Cliente
Gobierno del Estado
Año
2012-2015
Programa
Servicios
Estatus
Construido
Edificación
400 m²
Superficie
30,000 m²

CONCEPTO

Cuando hablamos de Infobox, más que de un edificio, hablamos de un concepto. Desde un principio pensamos en un proyecto hiper-flexible que pudiera adaptarse a cualquier contexto. Esta es la razón por la que no nos extrañan las sucesivas y radicales metamorfosis que ha experimentado: de ser inicialmente un módulo de información, pasó a convertirse en un módulo de servicios y finalmente, en un restaurante.

Centro cultural 5 de mayo

Desarrollamos la idea en el 2002 cuando –junto a Enrique Betancourt­­­– decidimos participar en el cuarto Concurso Internacional Arquine, convocado por el gobierno del estado de Puebla mediante el Consejo Cívico Cultural 5 de Mayo, el Museo de Arquitectura del INBA y el Colegio de Arquitectos. Éste invitaba a que se presentaran propuestas arquitectónicas, de diseño industrial y paisajísticas, que ayudaran a consolidar el acceso a la zona de Los Fuertes, así como la imagen urbana de la capital. Nuestra propuesta resultó ser la ganadora y fue publicada en el número 20 de la revista Arquine. En aquel momento, proponíamos un espacio para resguardar la documentación de los proyectos en proceso. El proyecto consistía en un volumen rectangular elevado, ubicado entre árboles y rodeado por una serie de rampas.

Diez años después, el gobierno del estado materializó el proyecto ganador del como un módulo de información ubicado en el acceso principal del Centro Cultural 5 de Mayo, sobre el bulevar Ignacio Zaragoza (Edificio 1). El programa incluía una plaza pública, estacionamiento para patrullas de vigilancia, un módulo de sanitarios y cuarto de máquinas. Al interior, gracias a la planta libre propuesta originalmente, se daba preferencia al espacio destinado para áreas expositivas.

Elevado sobre pilotes, el edificio se ubica a cuatro metros sobre el nivel de banqueta y perpendicular a las avenidas entre las que se encuentra. La estructura metálica –rodeado de rampas y circulaciones elevadas– está recubierta con madera de Teca y vidrio. El módulo de baños es un volumen independiente de ladrillos recubiertos con mármol martelinado.

Su construcción fue tan eficiente y acelerada –en tan sólo 5 meses–; y el espacio resultante tan flexible, que unos cuantos meses después se convirtió en el prototipo de una serie de restaurantes que funcionan a concesión y son un éxito comercial en parques de gestión pública.

parque del arte

Así, un año después diseñamos dos concesiones para el Parque del Arte. En ambas modificamos el proyecto para adaptarlo a la topografía y vegetación existentes.

Ubicamos uno de los edificios cerca del estacionamiento para enseguida conducir al peatón por unas rampas hacia la entrada (Edificio 2). Mediante un talud ocultamos a su vez los autos estacionados. La estructura metálica elevada libra completamente la pista de atletismo. En lugar de madera, decidimos diseñar una fachada perimetral translúcida hacia el oriente, fabricada con policarbonato Danpalon.

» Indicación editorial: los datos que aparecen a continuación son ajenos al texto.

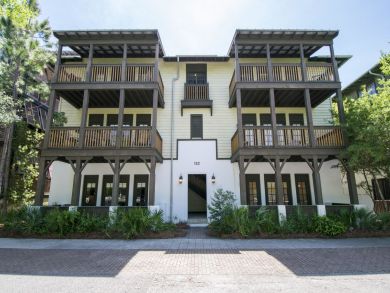Beaches Of South Walton Condo 932957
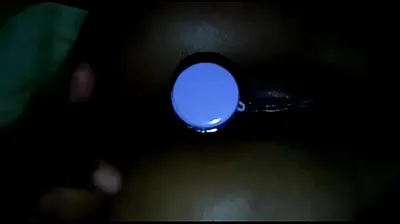 VIET69C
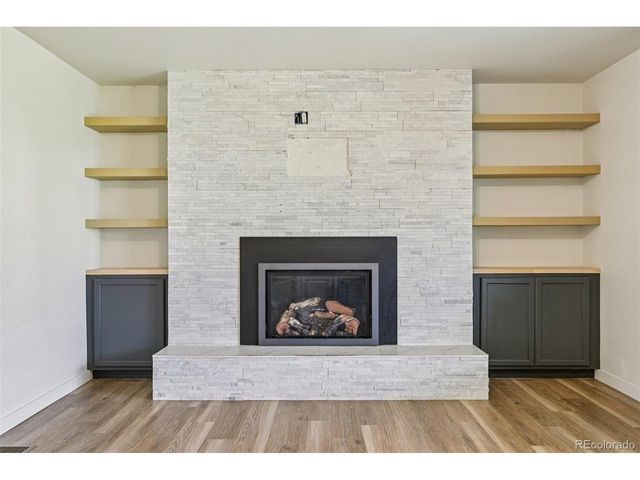 10690 Dover St, Broomfield, CO 80021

El segundo edificio lo ubicamos entre vegetación (Edificio 3). Aunque llevamos a cabo un plan ambiental (limpieza de árboles enfermos y exceso de eucaliptos), logramos que el edificio se integrara completamente al paisaje. Es una caja ligera, también translúcida y amable a la escala humana.

parque ecológico

Nuestro siguiente encargo fue la concesión del Parque Ecológico (Edificio 4). Curiosamente, también habíamos colaborado quince años antes en la primera intervención de la entonces pista de aviación militar a cargo de Antonio López Willars. Esto nos llevó a tomar en cuenta la traza ya existente y a tratar de enriquecerla. Decidimos ubicar el restaurante en una de las entradas secundarias del parque y orientarlo al norte-sur. Nuestra intención es que el visitante del parque pueda mirarlo desde varios puntos y que esto lo anime a hacer todo un recorrido a través de una generosa área verde.

Diseñamos un recorrido completo de concreto prefabricado Basaltex, desde el acceso principal hasta la entrada del restaurante. El edificio de forma alargada sirve como un filtro y plaza de bienvenida entre taludes y vegetación. Dos volados estructurales funcionan como terrazas. En éstas se logra la sensación de estar fuera en contacto con la naturaleza y al norte, rematan con una vista a La Malinche.

Elegimos madera tropical Ipe como recubrimiento, un material orgánico que armoniza perfectamente con el entorno.

Aún cuando es una especie de reproducción del mismo proyecto, cada edificio tiene su propio carácter y es diferente entre sí. Es un proyecto creado para ser modificado, intervenido y ocupado, sin perder su carácter funcional.